Data provided below:

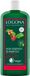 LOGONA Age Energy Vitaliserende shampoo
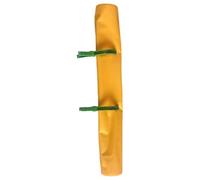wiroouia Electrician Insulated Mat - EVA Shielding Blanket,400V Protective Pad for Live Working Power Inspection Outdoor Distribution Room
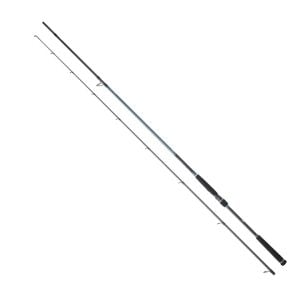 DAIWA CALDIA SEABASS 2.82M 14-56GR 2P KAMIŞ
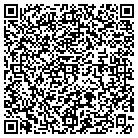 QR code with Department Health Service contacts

End of Data provided.
Data provided below:

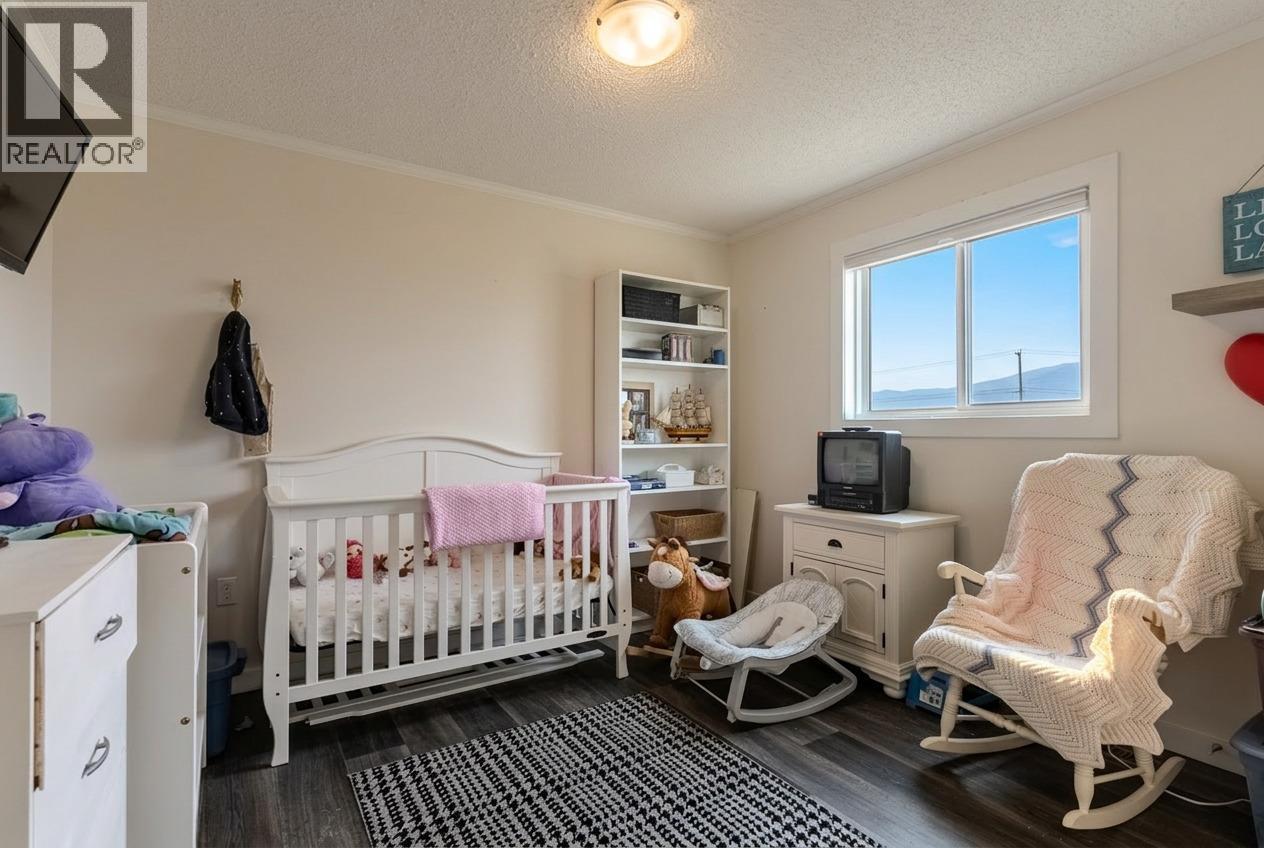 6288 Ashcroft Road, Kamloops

End of Data provided.
Data provided below:

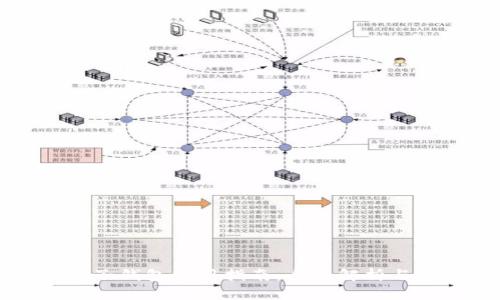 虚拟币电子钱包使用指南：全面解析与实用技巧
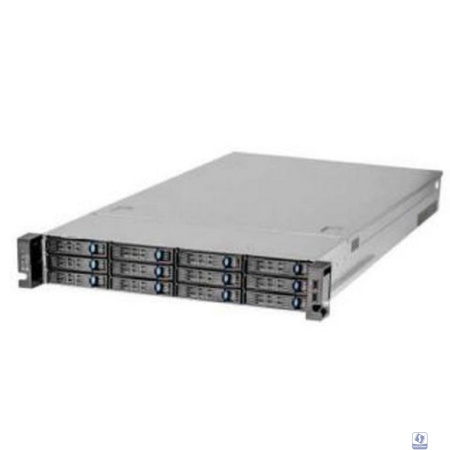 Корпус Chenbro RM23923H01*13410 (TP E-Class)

End of Data provided.

Give the lines above again exactly, from the one containing "LOGONA Age Energy Vitaliserende shampoo" to the one containing "QR code with", both included, but leave out the pictures.

Task answer:
 LOGONA Age Energy Vitaliserende shampoo
wiroouia Electrician Insulated Mat - EVA Shielding Blanket,400V Protective Pad for Live Working Power Inspection Outdoor Distribution Room
 DAIWA CALDIA SEABASS 2.82M 14-56GR 2P KAMIŞ
 QR code with Department Health Service contacts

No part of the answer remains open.